Data to process.
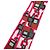 Hermès Hermes Twilly Coupe Les Coupes Scarf Rosa Multicolore - vista 2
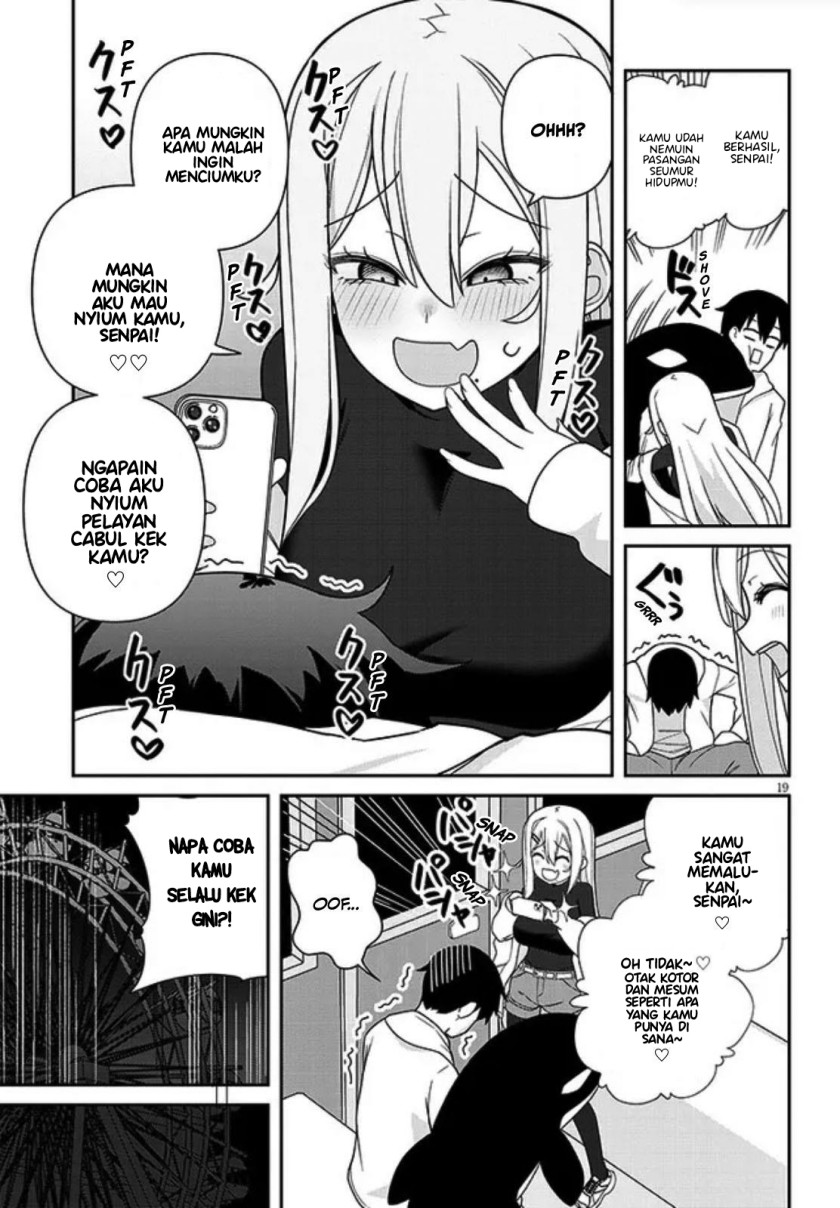 Yomega Kiss Chapter 04.2 Gambar 11
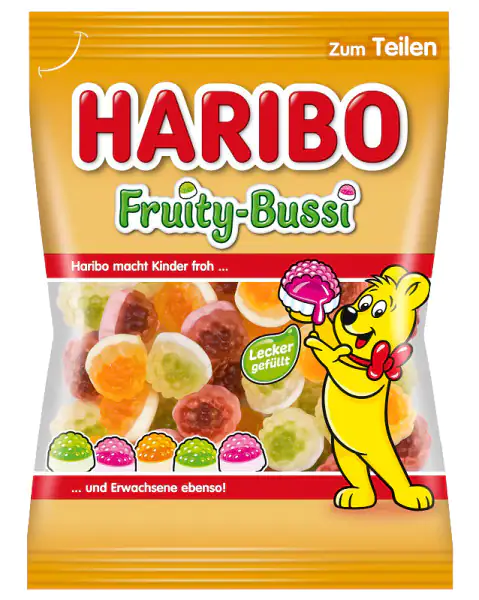 Haribo Fruchtgummi Fruity Bussi 175 g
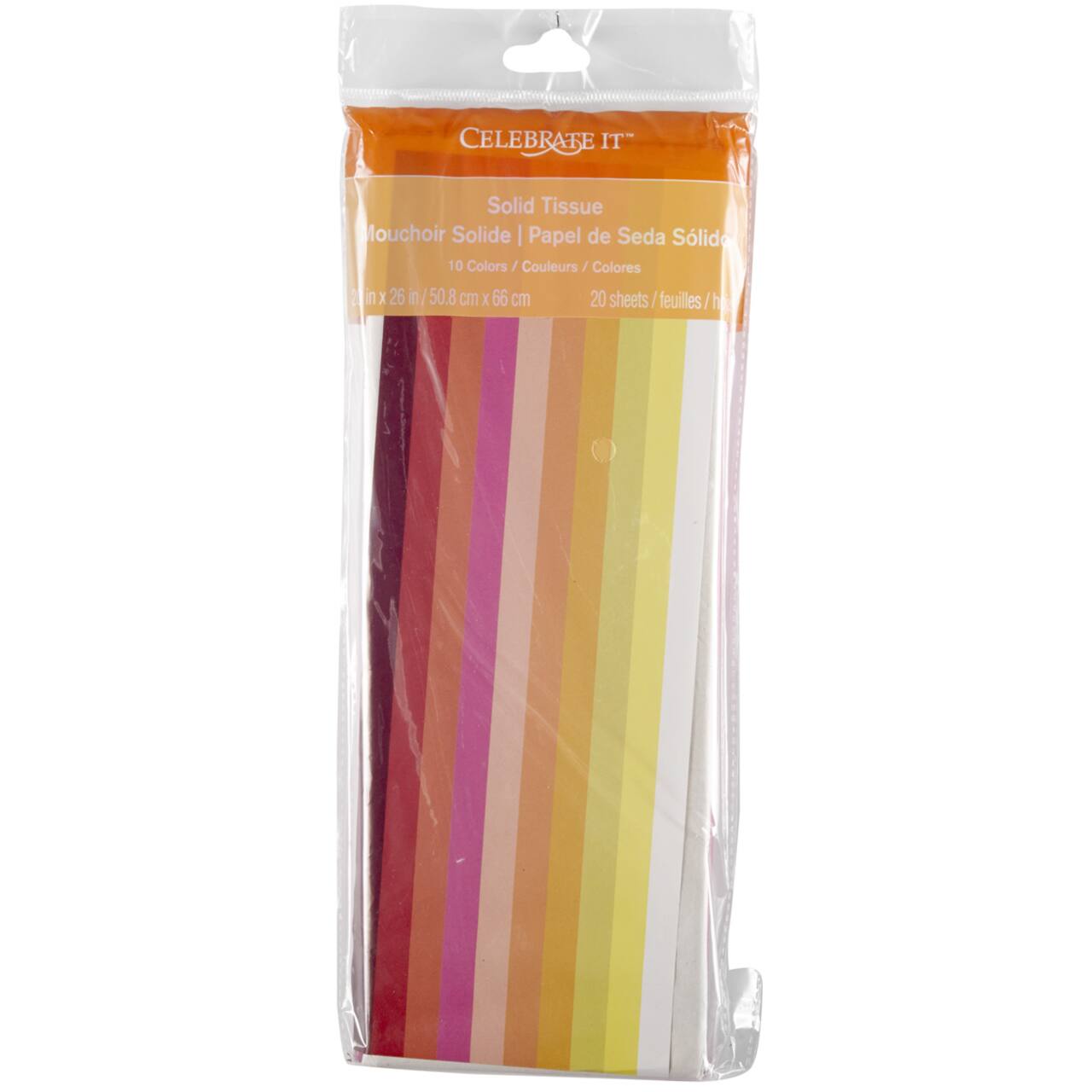 12 Packs: 20 ct. (240 total) Warm Color Gift Tissue Paper by Celebrate It™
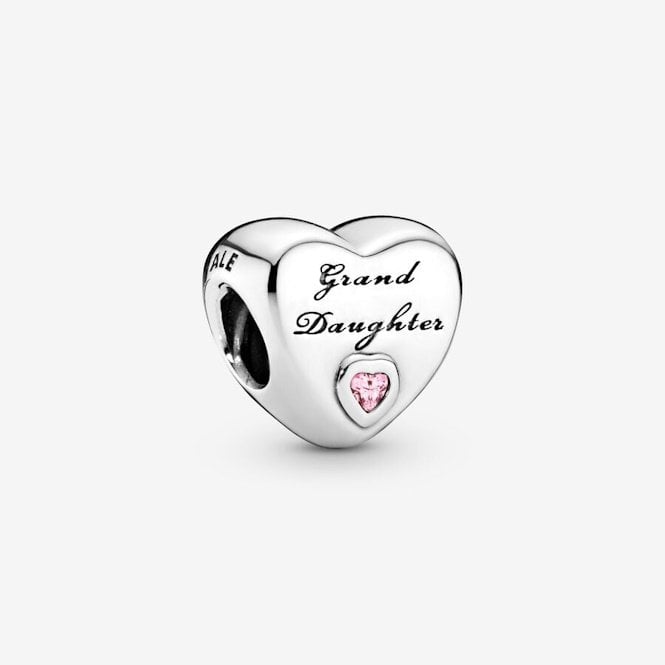 Granddaughter Heart Charms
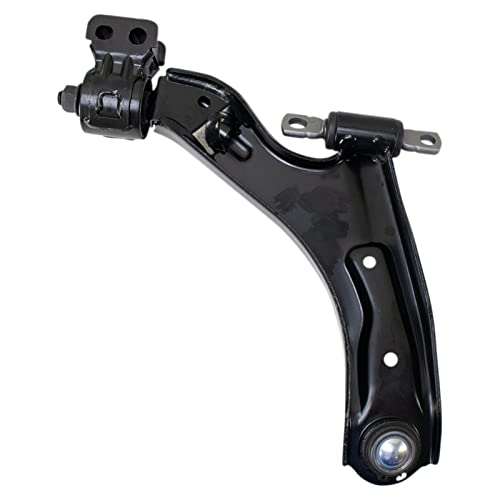 TRQ Front Steering and Suspension Kit Control Arms with Ball Joints Tie - style: PSA32134
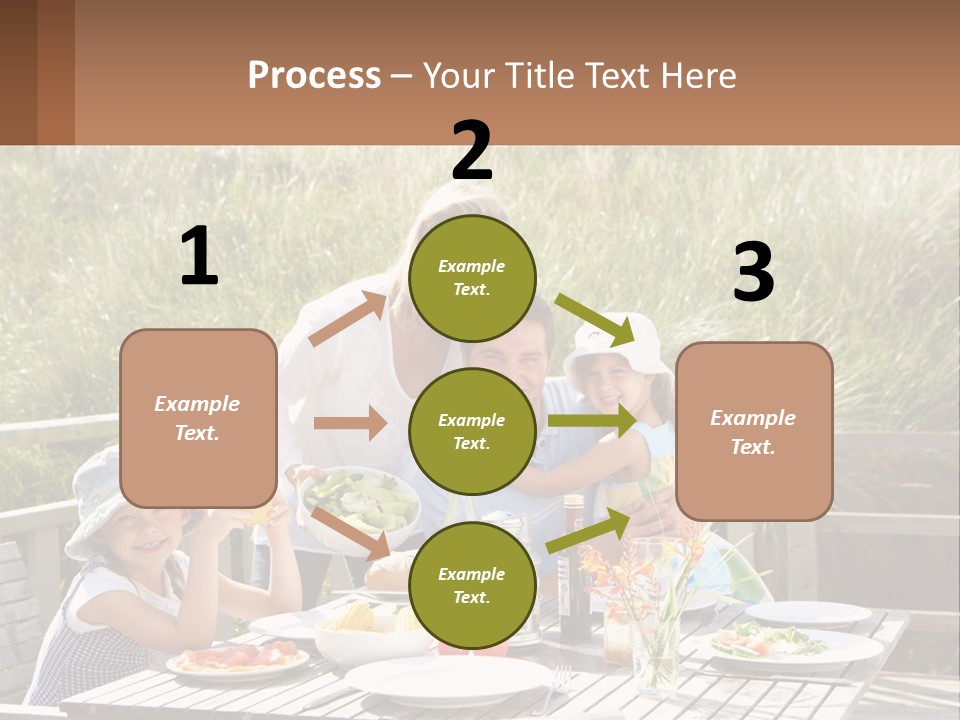 Ownership Business Green PowerPoint Template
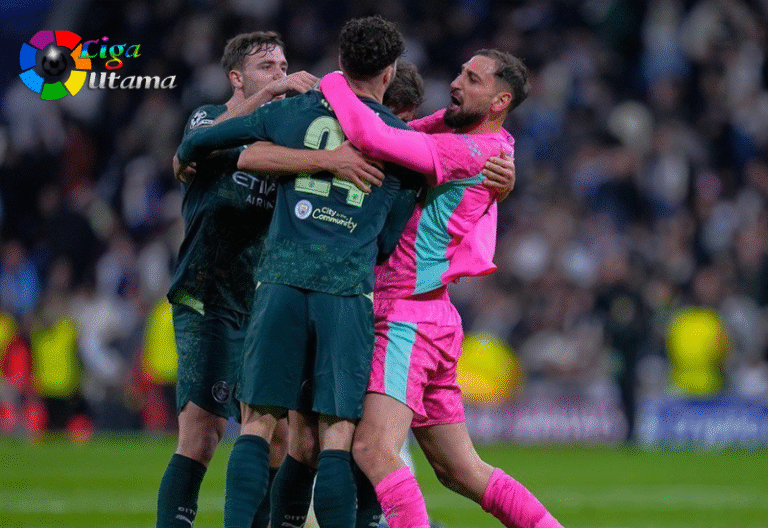 Guardiola Puji Ketangguhan Man City: Apa Pelajaran Besar dari Kemenangan di Bernabeu?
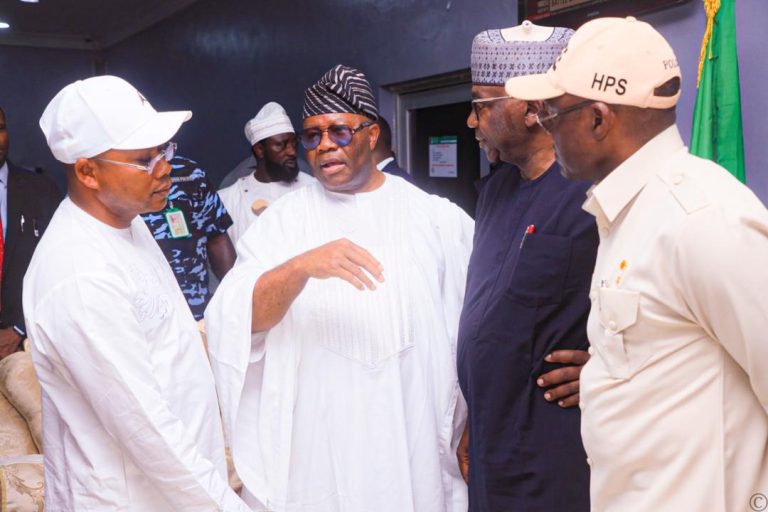 How Governor Ododo stole the show at edo apc governorship campaign mega rally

About this task. Your answer should consist solely of the lines from the one holding "Yomega Kiss Chapter 04.2 Gambar 11" through the end of the listing, reproduced exactly and without pictures.

Result for this task.
 Yomega Kiss Chapter 04.2 Gambar 11
 Haribo Fruchtgummi Fruity Bussi 175 g
 12 Packs: 20 ct. (240 total) Warm Color Gift Tissue Paper by Celebrate It™
 Granddaughter Heart Charms
 TRQ Front Steering and Suspension Kit Control Arms with Ball Joints Tie - style: PSA32134
 Ownership Business Green PowerPoint Template
 Guardiola Puji Ketangguhan Man City: Apa Pelajaran Besar dari Kemenangan di Bernabeu?
 How Governor Ododo stole the show at edo apc governorship campaign mega rally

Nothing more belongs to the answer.